Isolates originate from freshwater and oligotrophic aquatic environments sampled by expeditions by institutions like Scripps Institution of Oceanography, Woods Hole Oceanographic Institution, and the Monterey Bay Aquarium Research Institute. Ecological roles in biofilm communities have been examined in collaborations with Environmental Protection Agency researchers and municipal water authorities, and interactions with protists and bacteriophages have been characterized in labs at University of Washington and Max Planck Institute for Infection Biology. Studies on dispersal and environmental adaptation have been reported in journals associated with the American Geophysical Union and field campaigns coordinated by the National Oceanic and Atmospheric Administration.
C. crescentus serves as a premier model for studying cell polarity, chromosome segregation, and developmental regulation, used in core courses at institutions like California Institute of Technology and Cornell University. Genetic systems, synchronized cultures, and imaging toolkits leveraging microscopes developed by Zeiss and Leica Microsystems enable single-cell analyses described in protocols from the Cold Spring Harbor Laboratory Press and repositories like Addgene. Cross-disciplinary collaborations with computational groups at MIT Computer Science and Artificial Intelligence Laboratory and systems biology centers at European Molecular Biology Laboratory have produced quantitative models and software tools distributed via platforms supported by GitHub.

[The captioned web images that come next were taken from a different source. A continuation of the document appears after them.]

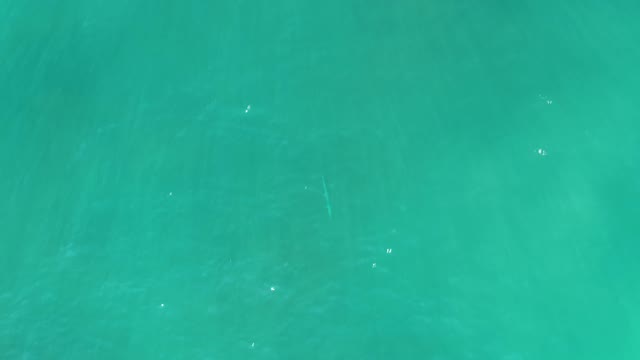 SAN LUIS BEACH EAST CAPE LOS CABOS MEXICO-2021: Small Fish Swimming in Clear Turquoise Water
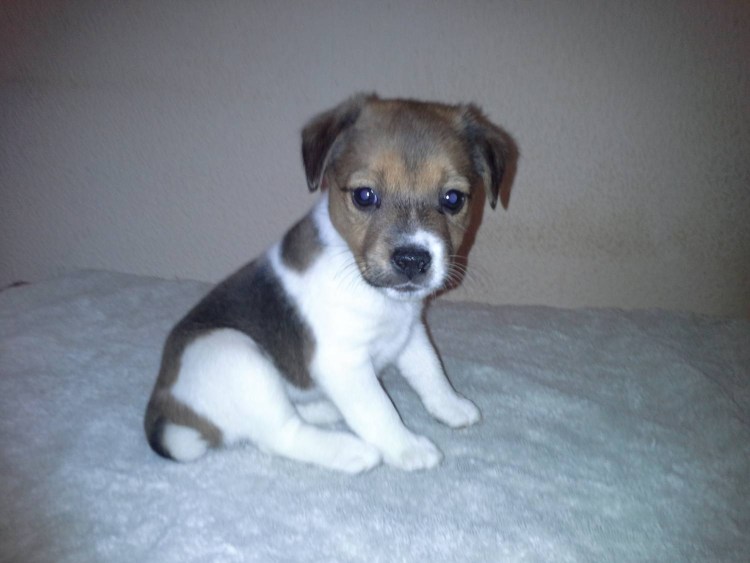 Щенок Джек Рассел с черной мордой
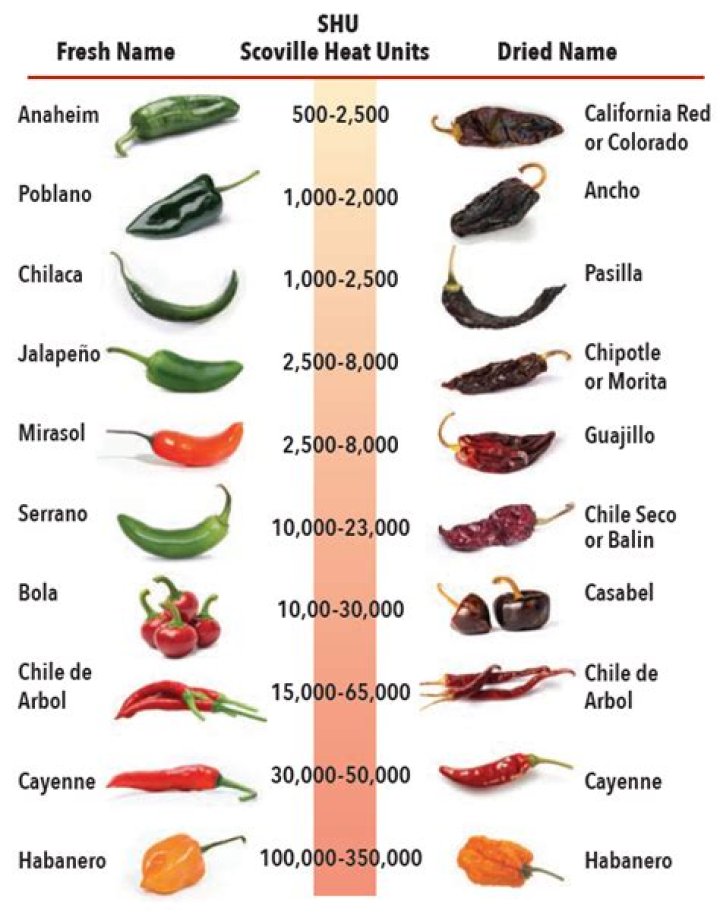 What is the spiciest part of a pepper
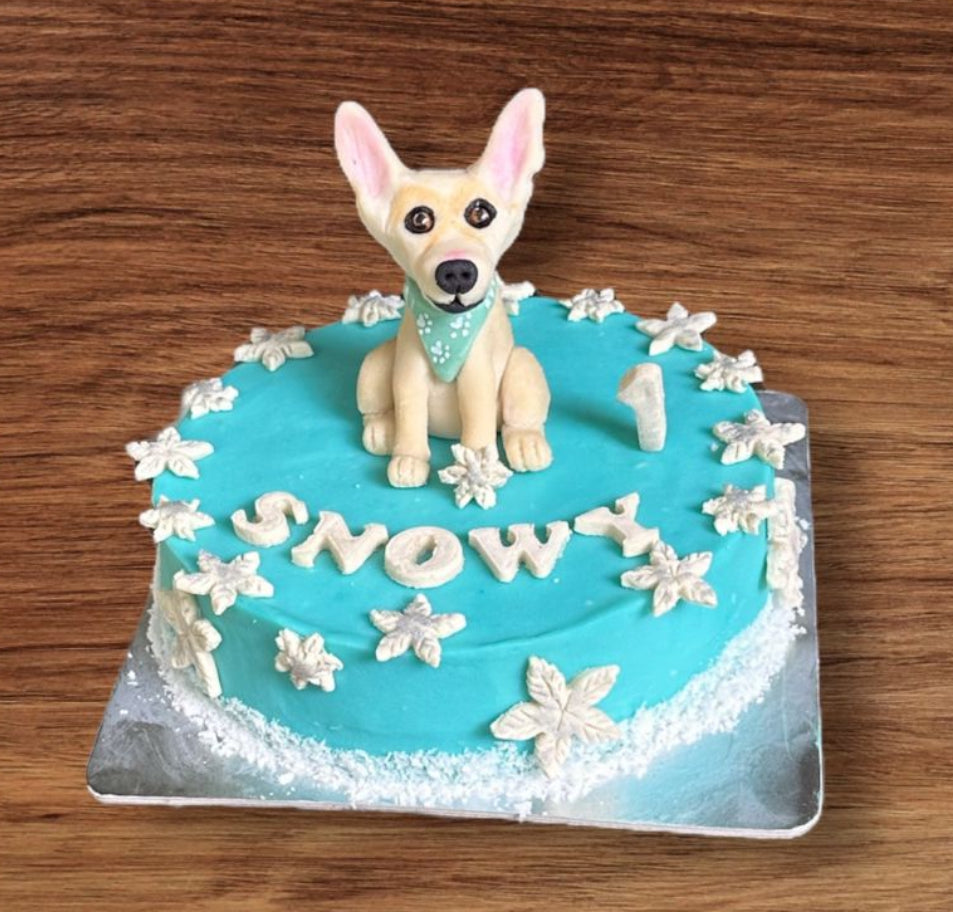 Round Cake with Dog Topper - 850grams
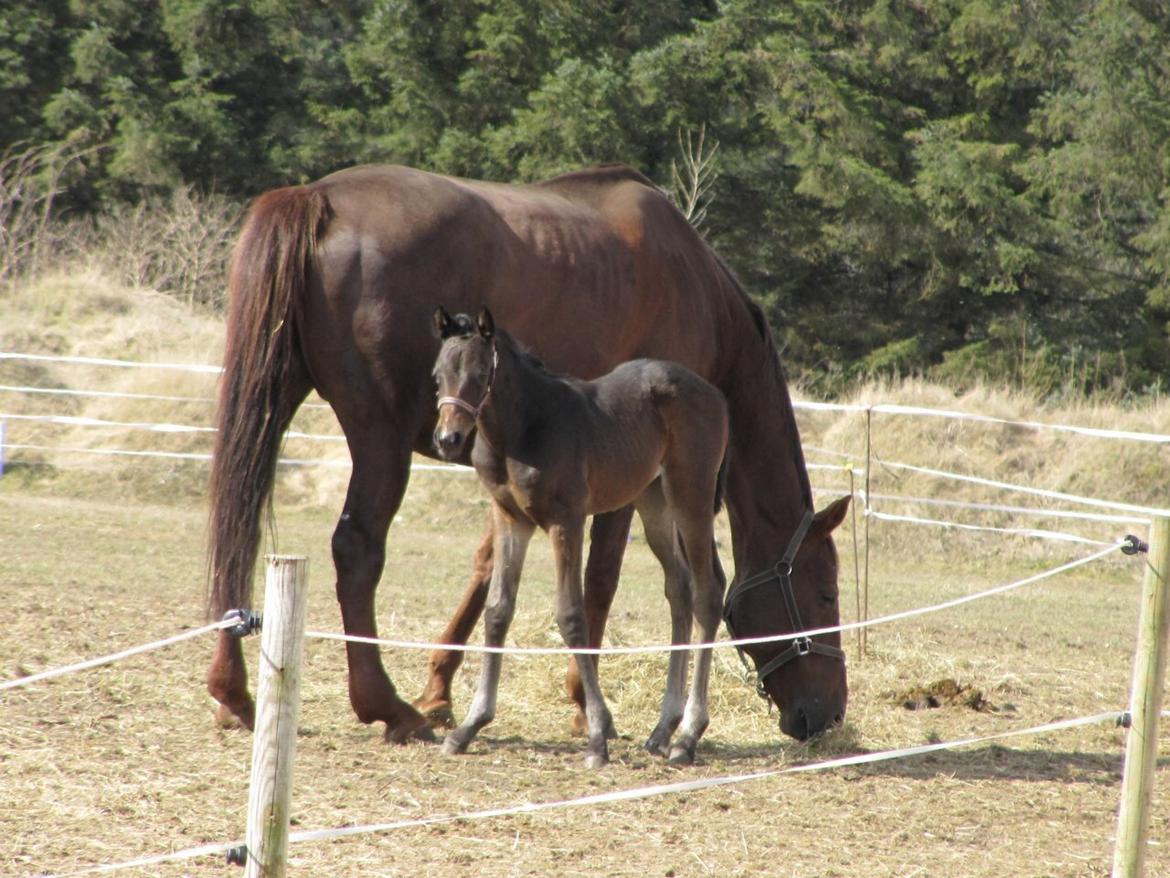 Dansk Varmblod Sherly Skovbo - solgt  billede 3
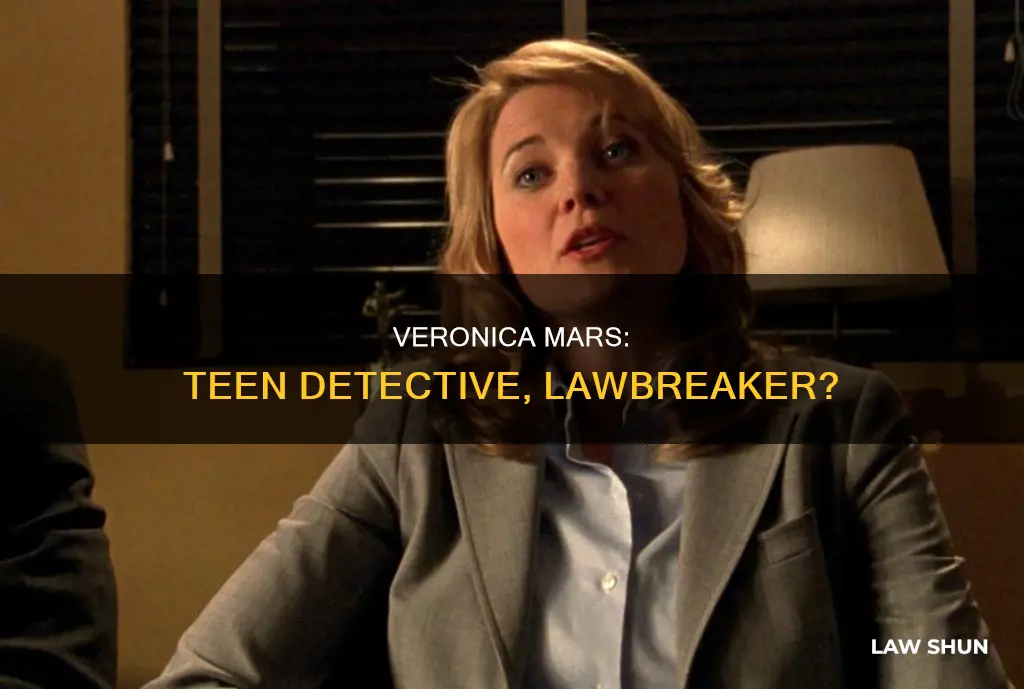 how much does veronica mars break the law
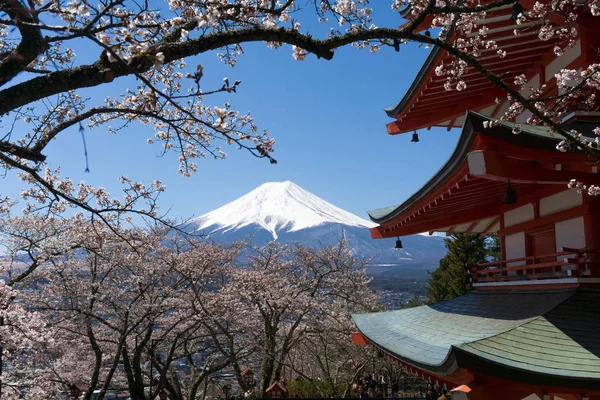 MT. Fuji s kvetoucí sezonou Sakura — Stock fotografie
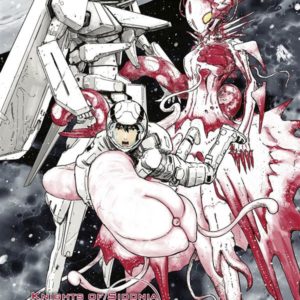 KNIGHTS OF SIDONIA - TOME 08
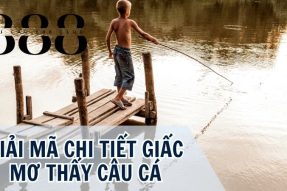 Giải mã giấc mơ thấy câu cá mang đến dấu hiệu tốt hay xấu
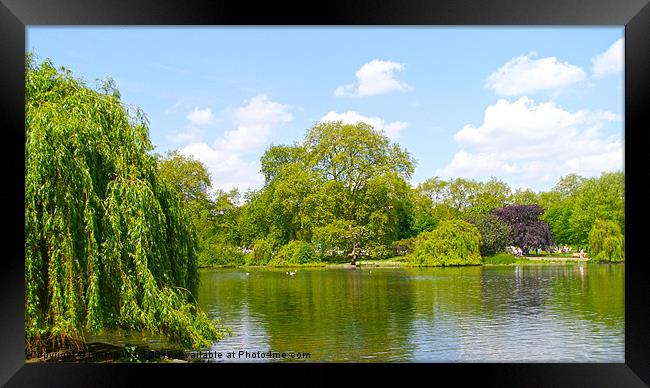Pond Collection 12 Framed Print by Emma Ward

Applications include biotechnological exploitation of its adhesive holdfast for nanomaterials research at institutions like MIT Media Lab and ETH Zurich, and potential uses in bioremediation projects coordinated with the Department of Energy and industrial partners such as Dow Chemical Company in consortia exploring microbial surface interactions. Biofilm and anti-biofouling research involving corporations like Siemens and academic spin-offs engage with patents filed through technology transfer offices at Stanford University and University of California campuses. Fundamental insights into bacterial development have influenced synthetic biology initiatives supported by the Bill & Melinda Gates Foundation and venture-backed startups originating from Harvard University and UC Berkeley.
Early isolation and description occurred in mid-20th-century microbial surveys reported in proceedings from societies such as the American Society for Microbiology and archives held by the National Museum of Natural History. Foundational work by researchers trained or affiliated with University of Michigan, University of Wisconsin–Madison, and University of Illinois Urbana-Champaign established laboratory cultivation and synchronization techniques that later informed modern studies at centers like Harvard Medical School and Johns Hopkins University. The organism’s trajectory from natural isolate to central model system parallels the rise of molecular microbiology programs at institutions including Stanford University School of Medicine and the Max Planck Society.